■ **RECORDED DATA**:

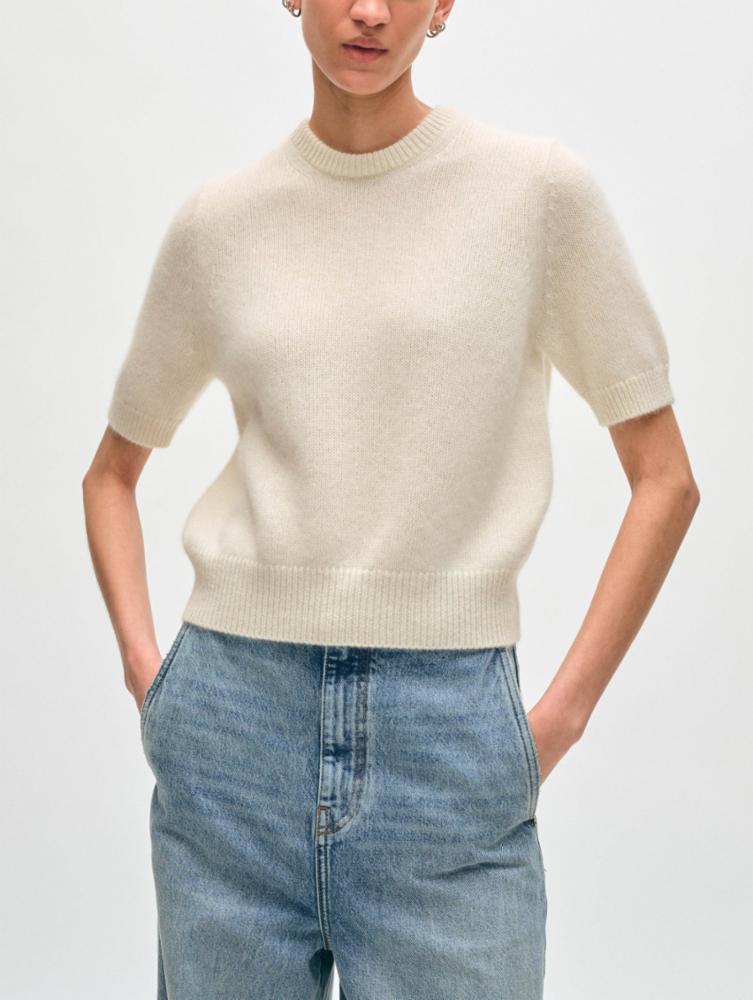 Brushed Cashmere Tee in Ivory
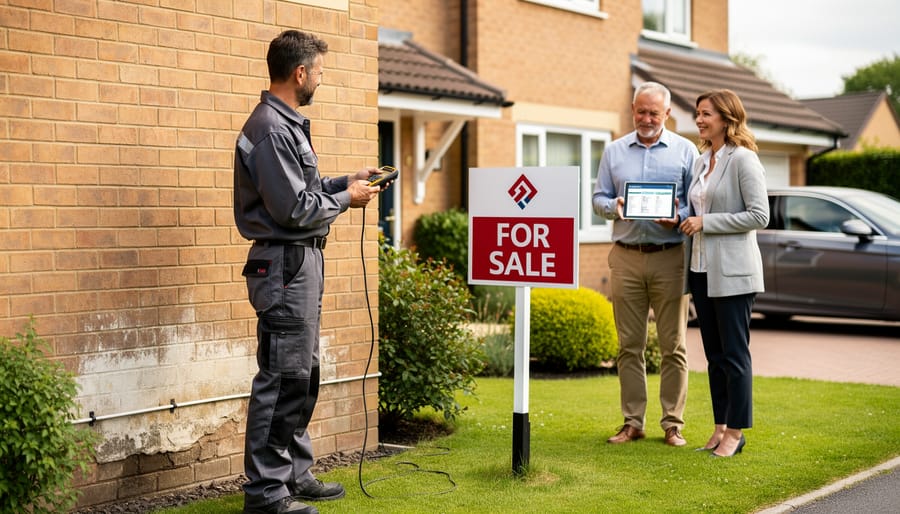 Worker inspecting a house exterior near the front door while using a camera and damp-related equipment.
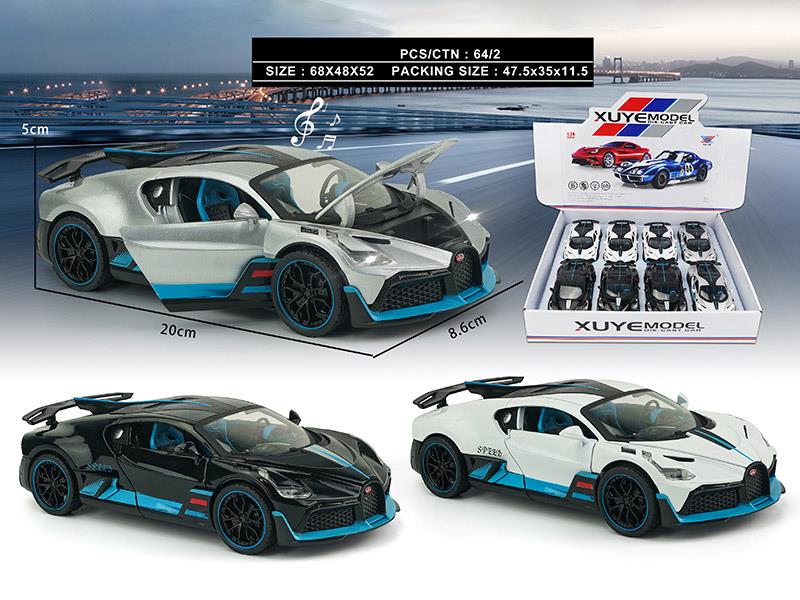 1:24 Pull Back Alloy Car Model Bugatti With Lights And Music(6 Side Doors Open)8PCS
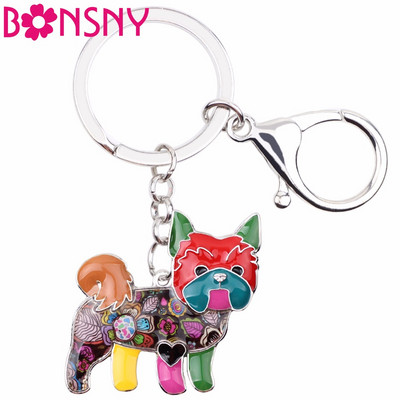 Bonsny Email Yorkie Yorkshire Dog Breloc Breloc 2017 Bijuterii Noi Pentru Femei Pandantiv Geanta Suport cheie Auto Accesorii Breloc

■ **REQUIRED WORK**: What is needed is an exact copy of the data, without any pictures.

■ **RESULT OF THE EXERCISE**:
 Brushed Cashmere Tee in Ivory
 Worker inspecting a house exterior near the front door while using a camera and damp-related equipment.
 1:24 Pull Back Alloy Car Model Bugatti With Lights And Music(6 Side Doors Open)8PCS
 Bonsny Email Yorkie Yorkshire Dog Breloc Breloc 2017 Bijuterii Noi Pentru Femei Pandantiv Geanta Suport cheie Auto Accesorii Breloc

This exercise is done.